Chatham House in Brasilien
 

„Grüner Neokolonialismus?“ –
Unsere Transformationsagenda wirft in Lateinamerika Fragen auf.

Austausch mit Gewerkschafter*innen aus Lateinamerika in Fortaleza, Brasilien.

Quelle: Andrea Arcais

Chatham House, das ist ein britischer Think-Tank der 1920 gegründet wurde, dessen Mitglieder sich mit aktuellen Fragen und Analysen des politischen Zeitgeschehens auf internationaler Ebene befassen. So fasst es treffend Wikipedia zusammen. Berühmt und einflussreich machte die Denkfabrik die Formulierung einer wichtigen Leitlinie für Gespräche, die Vertraulichkeit benötigen, um wirken zu können: die Chatham-House-Regel:

„Bei Veranstaltungen, die unter die Chatham-House-Regel fallen, ist den Teilnehmern die freie Verwendung der erhaltenen Informationen unter der Bedingung gestattet, dass weder die Identität noch die Zugehörigkeit von Rednern oder anderen Teilnehmern preisgegeben werden dürfen.“

Am 20. und 21. Juli 2024 war Chatham House in Fortaleza, Brasilien. Auf Einladung des DGB-Bundesvorstands und der Friedrich-Ebert-Stiftung konnte ich für die Stiftung Arbeit und Umwelt der IGBCE an einem unter der zitierten Regel durchgeführten Austausch teilnehmen. Die Überschrift des Workshops lautete „Reorganization of world trade and value chains“. Gewerkschafterinnen und Gewerkschafter aus Brasilien, Chile, Argentinien, Uruguay, Kolumbien, Mexiko diskutierten dabei intensiv mit Kolleg*innen aus Europa. Neben mir waren dies weitere Gewerkschafter*innen und Abgeordnete aus Deutschland, Belgien, Norwegen und Frankreich.

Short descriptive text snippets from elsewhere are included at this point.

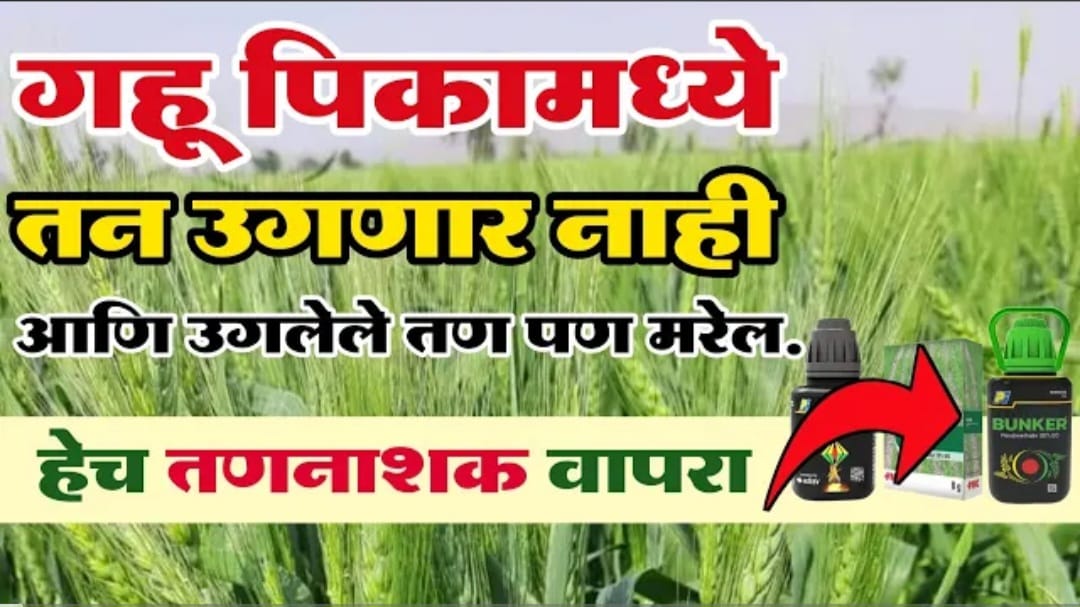 गहु पिकातील तणनाशक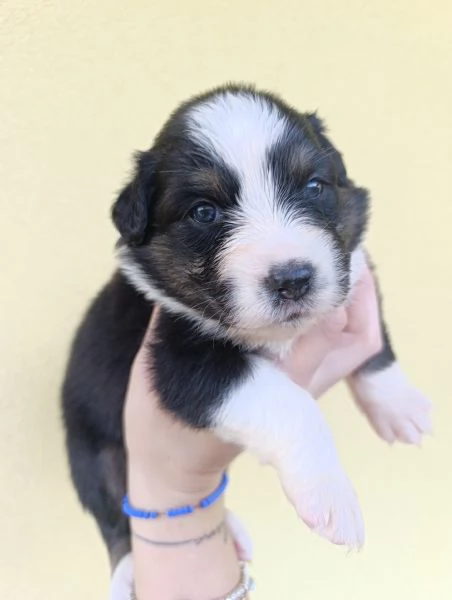 Cuccioli Pastore Australiano | Foto 4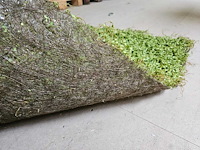 25m² greenwall silkka (nieuw) - afbeelding 3 van  5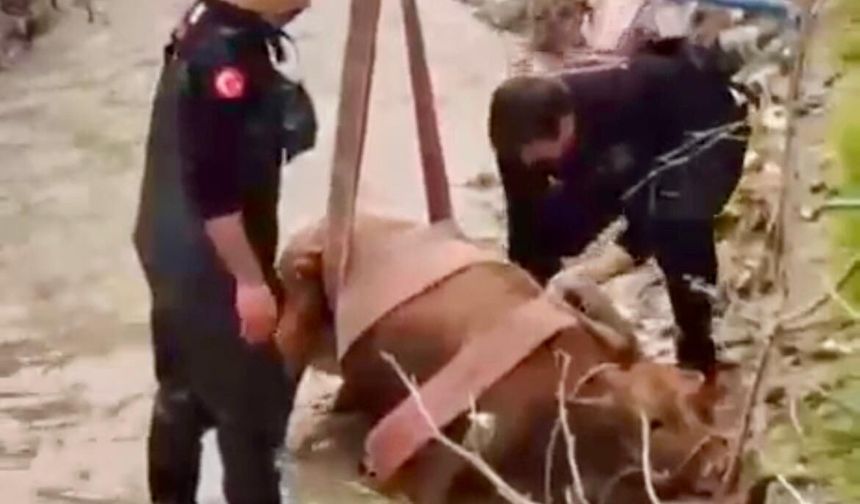 Kahramanmaraş’ta kanala düşen inek kurtarıldı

Die Ungleichheit in den bestehenden Handelsverträgen und Abhängigkeiten entlang der Lieferketten waren bestimmende Themen der Diskussion. Und auch wenn es aufgrund der Vertraulichkeit der Gespräche nicht möglich ist, ins Detail zu gehen, so war ein Thema für die Europäer*innen von besonderer Wichtigkeit: „Grüner Neokolonialismus“. Dieser Begriff tauchte entlang fast aller Gespräche auf und formulierte Auswirkungen unserer Politik zur Transformation unserer Industrie in die Treibhausgasneutralität auf die Ökonomien und insbesondere auf die Lebensbedingungen der Völker in Lateinamerika und die Möglichkeiten der Gewerkschaften, darauf zu reagieren.

Die Regulierungen, die wir für unsere europäische Industrien entwickelt haben und weiterentwickeln, um den Wandel hin zu einer klimafreundlichen Produktion zu schaffen, wurden von den Kolleg*innen in der bislang angewandten Art als Bedrohung für den Aufbau eigener industrieller Wertschöpfungsketten in ihren Ländern angesehen. Unsere Forderungen an deren Produkte, um in unserem Sinne klimafreundlich zu sein, wurden als Versuch interpretiert, in Form eines neuen, dieses Mal „grünen“ Neokolonialismus, Lateinamerika aus dem europäischen Markt rauszuhalten.

Auch wenn es in der Diskussion natürlich auch möglich war, sowohl die Intention unserer Transformationsagenda zu erläutern und darzustellen, dass es aus europäischer gewerkschaftlicher Sicht keinen „neokolonialistischen“ Politikimpuls gibt, so ist sehr deutlich geworden, wie groß der Gesprächsbedarf ist und auch die Notwendigkeit, gemeinsam nach Möglichkeiten zu suchen, unsere Transformation in die Treibhausgasneutralität in Einklang zu bringen mit der Notwendigkeit der Länder in Lateinamerika, eigene industrielle Wertschöpfung aufzubauen.

Es ist der Friedrich-Ebert-Stiftung und dem DGB-Bundesvorstand zu danken, dass diese Möglichkeit des Austausches geschaffen wurde. Die Stiftung Arbeit und Umwelt wird sich dieses Themas im Jahr 2025 annehmen.